Acid reflux is a condition characterized by stomach acid traveling up into the esophagus.
This condition is considered very common but the exact prevalence is debatable because the rates vary by region. Additionally, some people experience acid reflux only occasionally while others experience it on a daily basis.
Acid reflux is not usually considered a severe problem but it can lead to more severe conditions if it occurs often enough.
What Are The Symptoms?
The most commonly reported symptom of acid reflux is heartburn. This symptom is characterized by pain or a burning sensation that can be described as being anywhere from the stomach up to the throat. Another common symptom is regurgitation, which is when the patient can feel and taste the stomach acid as it travels up to the mouth. Some patients also experience excessive hiccuping, especially around meal times. More mild symptoms include a chronic cough, sore throat, nausea, and unintended weight loss. However, if acid reflux occurs often enough without treatment, the symptoms can progress to more severe problems like ulcers or dysphagia.
What Causes It?
Generally, acid reflux occurs when the lower esophageal sphincter, a valve that separates the esophagus from the stomach, fails to close fully or opens too often. This can be caused by a number of different conditions or lifestyle habits. In fact, acid reflux is even a side effect of many commonly prescribed medications. Additionally, hiatal hernias can cause stomach acid to be moved up into the esophagus. Many pregnant women experience acid reflux as a result of the shifting of organs that occurs as the baby grows.

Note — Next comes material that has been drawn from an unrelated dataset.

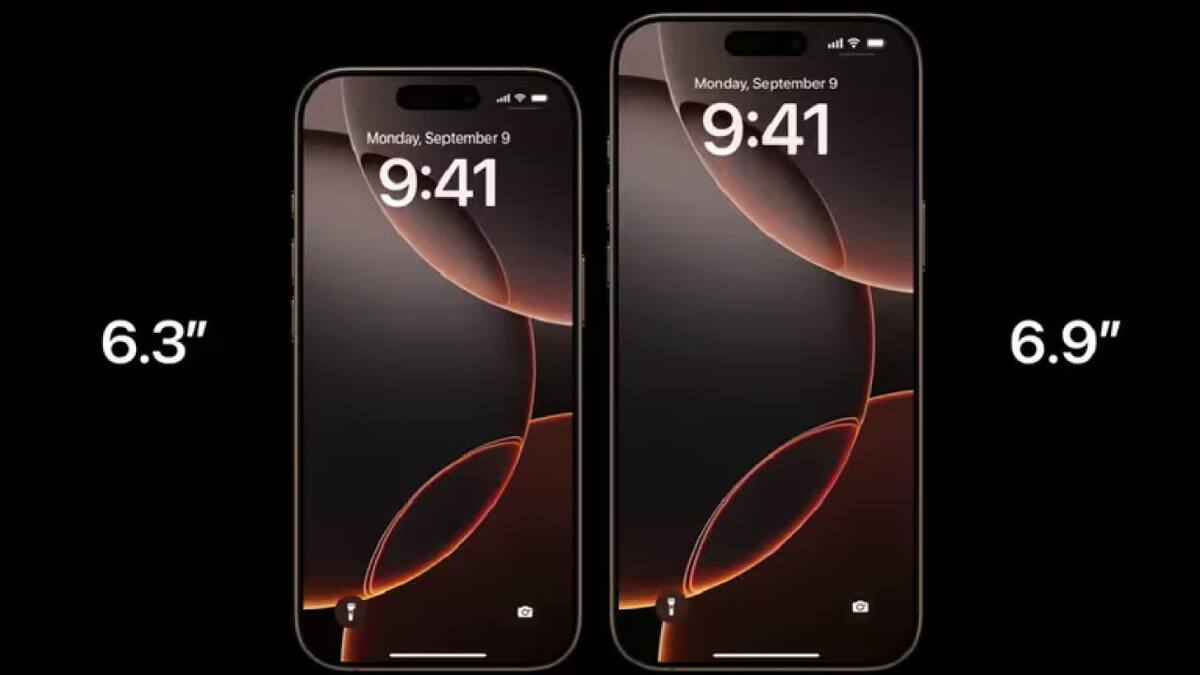 IPhone 16 pro y Pro max. Foto: Apple.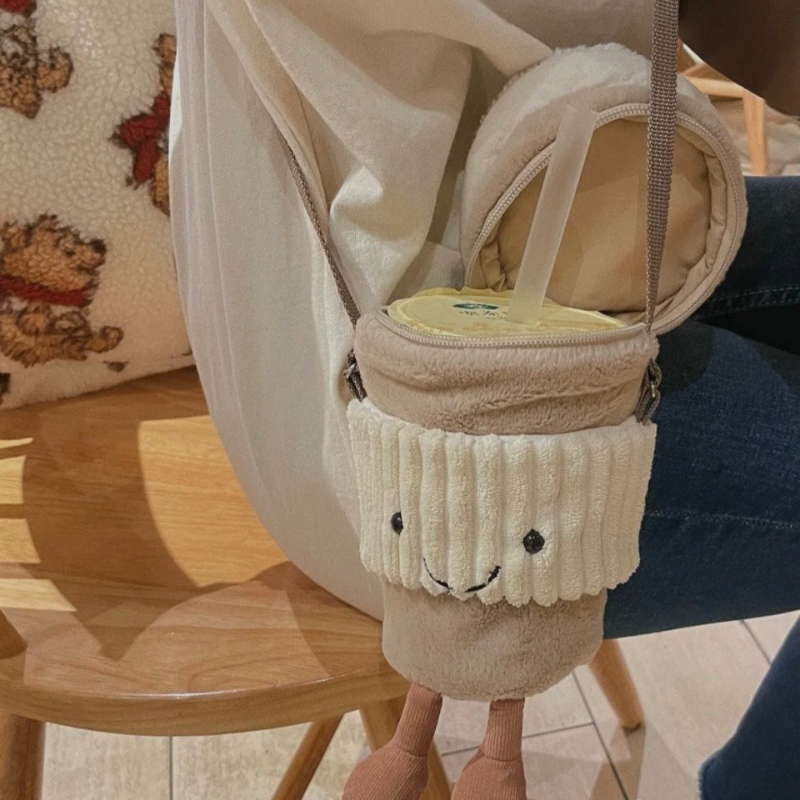 Cartoon schattige pluche cross - Coffee Tea Holders recensie en prijs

Other risk factors include being overweight and smoking.
How Is It Diagnosed?
If the patient only experiences symptoms of acid reflux on an occasional basis, their physician may not perform any diagnostic tests. It is likely that these patients will get relief from over-the-counter antacids. However, if the patient experiences these symptoms on a regular basis, their physician will probably order a series of tests to rule out other potential conditions and confirm the diagnosis. The most common of the diagnostic tests used to diagnose acid reflux is the endoscopy. This procedure is usually performed with sedation to eliminate patient discomfort but it only takes a few minutes.
The physician will insert a tube with a light and camera down the patient’s throat in order to get a picture of the condition of the stomach and esophagus. During an endoscopy, the physician may take a biopsy or leave a device for pH monitoring. This device would be located in the esophagus and would be left for a few days in order to measure the amount of stomach acid present in the esophagus.
Another potential test they may use is called an esophageal manometry. The procedure is very similar to that of the endoscope, but the tube used specifically tests the functionality of the muscles of the esophagus and the lower esophageal sphincter. A Barium swallow test may also be used to confirm the presence of ulcers.